One of the guys who worked at the Salvation Army was an old guy named Johnny. His real name was Hosea something. He showed it to me on a check once. He brought me science fiction books that came through the Salvation Army every now and again. He had a 1964 Mercury Comet that was almost emerald green.
When I went to take my driving test for my license, my mom's car wouldn't pass inspection (they did that back in those days), and I was ready to die because I was 16 and was ready to drive. I wanted the license. It didn't matter that I didn't have anything to drive.
Johnny was gracious enough to loan me his car and I passed with a 90, which I thought was pretty good, but I still wanted to be perfect. According to my wife, I never will be.
A year later, I discovered Johnny was a recovering alcoholic. I'd never met one before. He held it together for over a year, then one summer he fell off the wagon. He still came around and hung out at the station to talk to my dad. That summer one of my brothers fell in love and ran away from home on a ten-speed bicycle. He was 14, as I recall, and he threw the household into a tizzy. He did that a lot.
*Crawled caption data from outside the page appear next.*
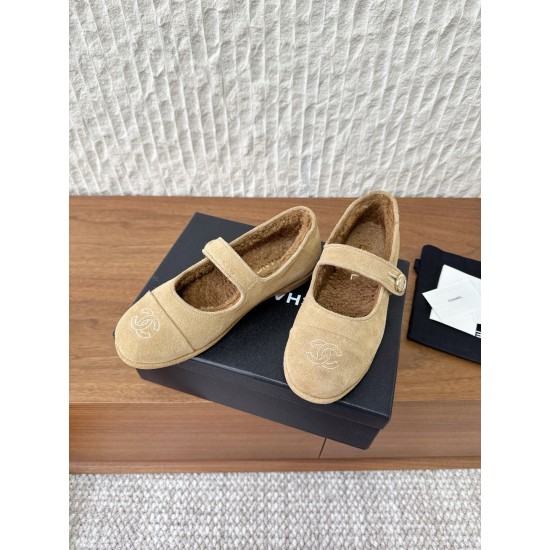 CHANEL Loafers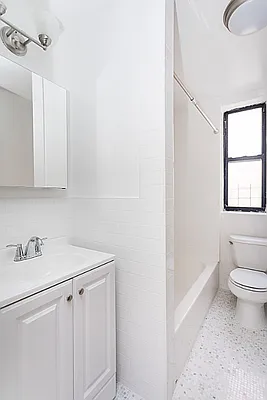 Rented by Living New York | media 10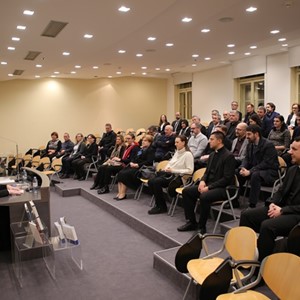 Susret članova Druge sinode s kardinalom Bozanićem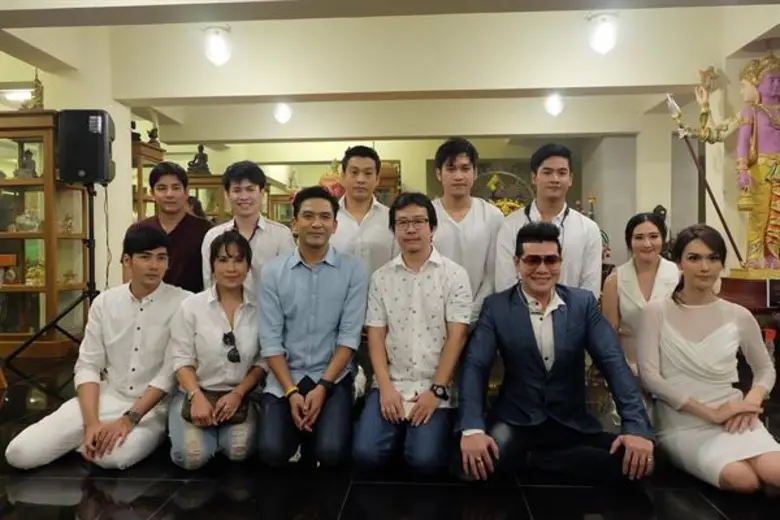 ช่อง 3 – กันตนา ถือฤกษ์ดี บวงสรวงเบิกฤกษ์ละครออนแอร์ “เงินปากผี” “ป๋อ ณัฐวุฒิ – เด่นคุณ” นำทัพนักแสดง แฟนละคร ร่วมพิธีเสริมสิริมงคล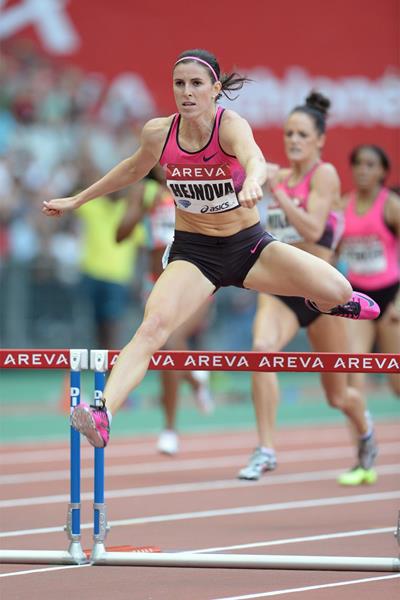 Zuzana Hejnova on her way to winning the 400m Hurdles at the 2013 Paris Diamond League (Jean-Pierre Durand)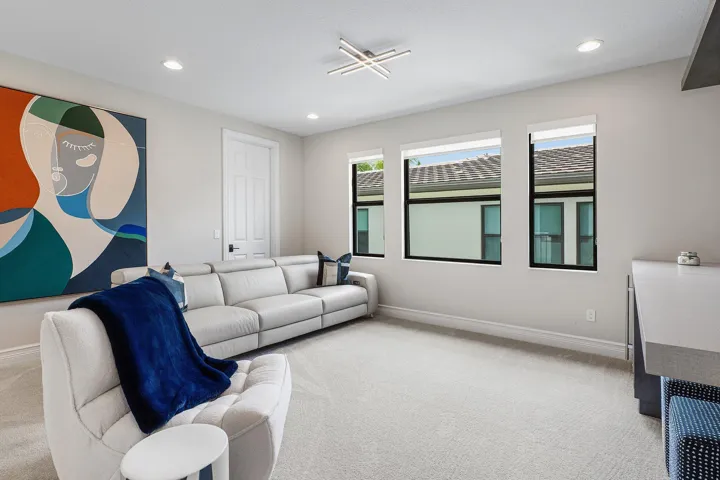 044-9022ChauvetWay-BocaRaton-FL-33496-SM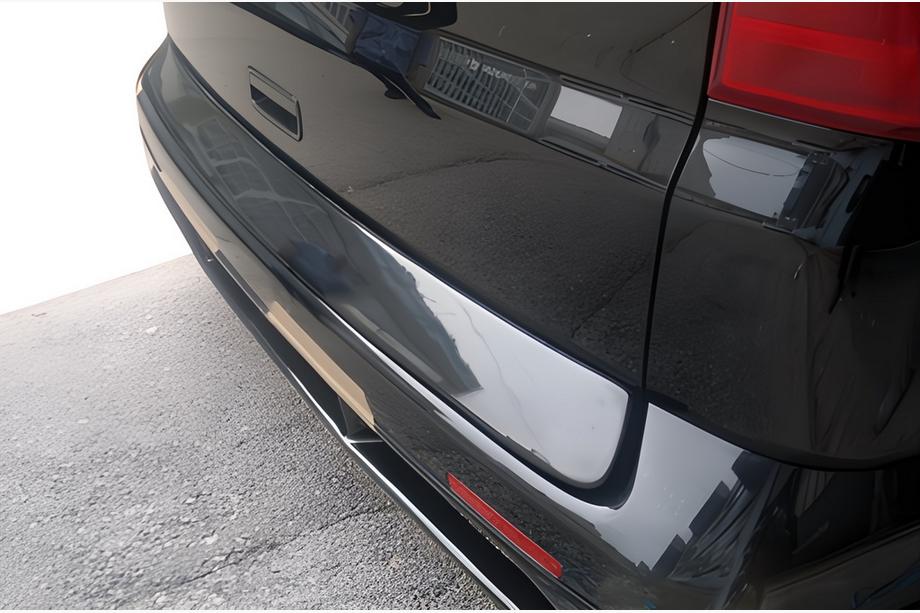 Volkswagen T5 2010-2015 Plastic trunk cover (paintable) Image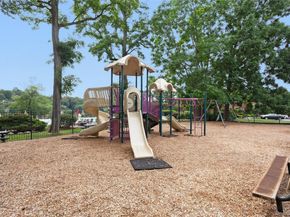 17 Cromwell Place B, Mohegan Lake NY 10547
My dad gathered a search party of uncles, and Johnny came along. I was at the house when they were talking. Johnny got the shakes, DTs, which I had never heard of. I watched him drink aftershave in the living room to try to get rid of them. It was the oddest thing. Alcohol wasn't kept in our house because my mom didn't allow it and she used to load all of us kids up to go looking for my dad at the "joints," beer halls and such. Those years weren't a lot of fun.
I've strayed farther off topic than I'd thought.
I have to deal with Seasonal Affective Disorder (SAD) that kicks in during the dark months. I don't enjoy Christmas because everything is stressful and I don't get to go outside and work in the sun like I do when I garden. Or when the kids played little league for so many years.
SAD has hit pretty hard today. I went to the graduation this morning. Being around a LOT of people and having to sit still for so long usually sets it off. In the spring/summer, I can come home and go out in the garden, which usually calms me down.
This afternoon and evening I've found little things to do to distract me. Writing has always calmed me, which is probably one of the biggest reasons I'm so prolific. Didn't set out to do that. It just happened.
Getting back to why I posted that particular video at the beginning of this, I play music every now and again as a distraction. I'm not big on music. I like Elvis, Bonnie Raitt, and Delbert McClinton, and a whole lot of blues artists. I like a lot of individual songs.
"Little Willie" by the Sweet was released late in 1972 and was still hanging out in the Top 40. I happened on it tonight and, just like always, I was back on that corner sweating my guts out while I was fixing flats.
I probably overshared. People sometimes ask me why I don't write more stuff that I experienced. I don't think it's very interesting to read, but all of it shaped me as a writer. I can look back and see that.